[Dataset entries]
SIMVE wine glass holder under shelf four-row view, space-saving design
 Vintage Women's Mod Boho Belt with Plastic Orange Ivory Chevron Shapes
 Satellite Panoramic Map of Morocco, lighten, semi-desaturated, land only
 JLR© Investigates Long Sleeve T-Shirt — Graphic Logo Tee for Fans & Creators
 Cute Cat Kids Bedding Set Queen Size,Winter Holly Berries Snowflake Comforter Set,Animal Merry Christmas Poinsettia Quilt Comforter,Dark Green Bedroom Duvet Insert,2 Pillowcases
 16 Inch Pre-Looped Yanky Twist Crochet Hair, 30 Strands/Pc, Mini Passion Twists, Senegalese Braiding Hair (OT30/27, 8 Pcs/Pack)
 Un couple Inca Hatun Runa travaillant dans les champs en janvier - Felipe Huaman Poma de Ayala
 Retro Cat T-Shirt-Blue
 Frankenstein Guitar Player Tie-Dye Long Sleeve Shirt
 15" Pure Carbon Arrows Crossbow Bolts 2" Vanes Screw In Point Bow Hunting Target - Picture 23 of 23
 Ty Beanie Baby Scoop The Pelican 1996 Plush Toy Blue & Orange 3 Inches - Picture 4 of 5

* [Task objective]:
Go through the lines above. Select every one that has the string "Long".

* [Written response]:
 JLR© Investigates Long Sleeve T-Shirt — Graphic Logo Tee for Fans & Creators
 Frankenstein Guitar Player Tie-Dye Long Sleeve Shirt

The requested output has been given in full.